There's a sheafy way to write down the $\infty$-category of super-$\infty$-groupoids, as detailed on the nlab. Can this notion be reformulated by saying that a super-$\infty$-groupoid is an ordinary $\infty$-groupoid plus some homotopy-theoretic data?
The sheafy notion is this: let $sMan$ be the usual category of supermanifolds, regarded as a site with the usual Grothendieck topology (a cover is a jointly surjective collection of open embeddings). Consider the $\infty$-category $Sh(sMan)$ of sheaves of $\infty$-groupoids on this site, and then localize at the morphisms $\mathbb R^{p|q} \to \mathbb R^{0|q}$. If we did this same process with the site $Man$ of ordinary manifolds, we'd end up with the $\infty$-category of $\infty$-groupoids, so when we do it here, the resulting $\infty$-category deserves to be called the $\infty$-category $sGpd_\infty$ of super-$\infty$-groupoids. There is a natural forgetful functor $|-|: sGpd_\infty \to Gpd_\infty$ induced by the forgetful functor $sMan \to Man$.

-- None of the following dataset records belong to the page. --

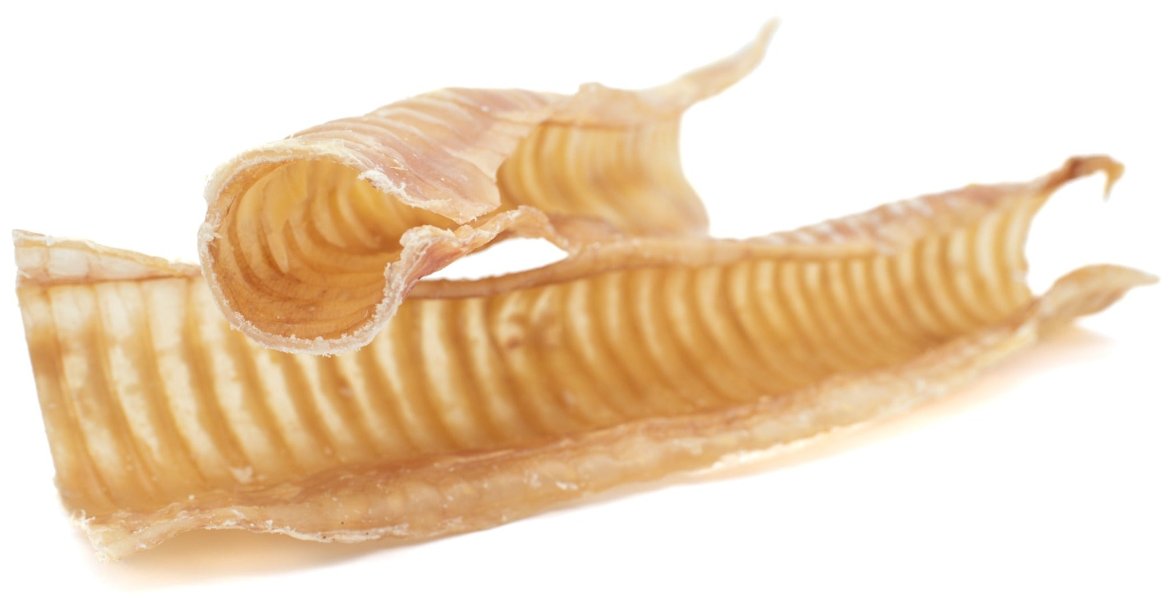 12 Inch Beef Trachea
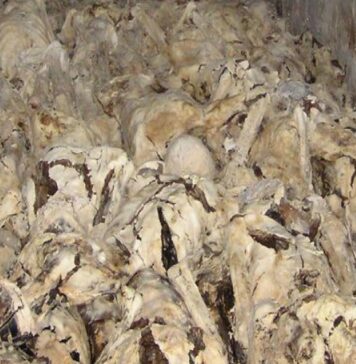 Odbor za peticije ponovno obravnaval vprašanje spomina na žrtve komunizma v Sloveniji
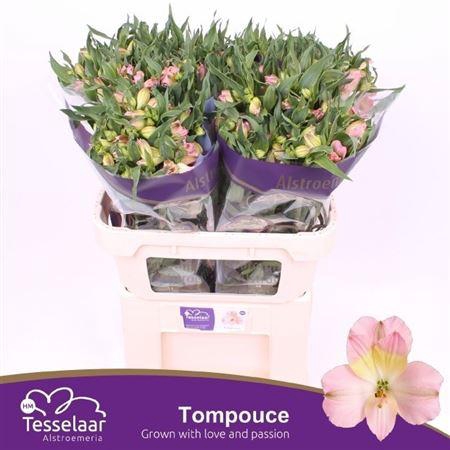 <h4>ALSTR TOMPOUCE</h4>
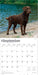 Chocolate Labrador Retrievers 2026 Square Wall Calendar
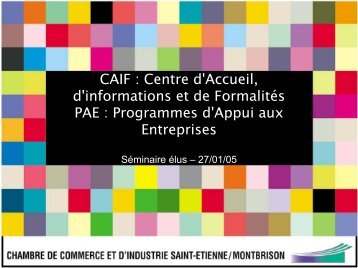 Programmes d'Appui aux Entreprises - (CCI) de Saint-Etienne et ...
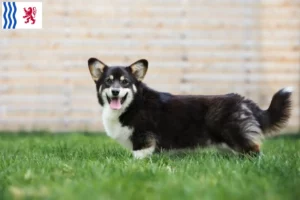 Lire la suite à propos de l’article Welsh Corgi éleveurs et chiots en Nouvelle-Aquitaine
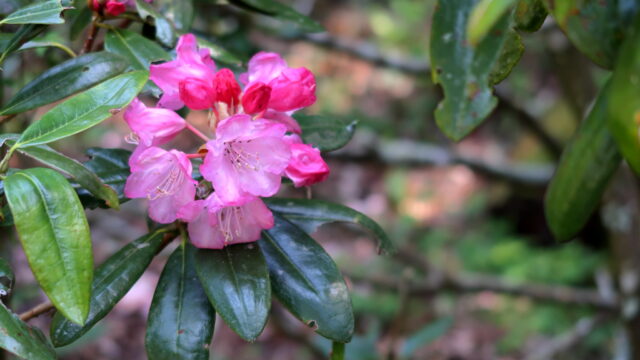 保寿寺_石楠花(しゃくなげ)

Question: What additional homotopy-theoretic data is needed to recover a super-$\infty$-groupoid $X$ from its underlying $\infty$-groupoid $|X|$? Can this be formulated cleanly enough to give an alternative construction of the $\infty$-category $sGpd_\infty$?
The kind of data I have in mind is that maybe $X$ can be recovered from the data of $|X|$ plus maybe a map from $|X|$ into the classifying space of some sort of structure group, or something of that sort.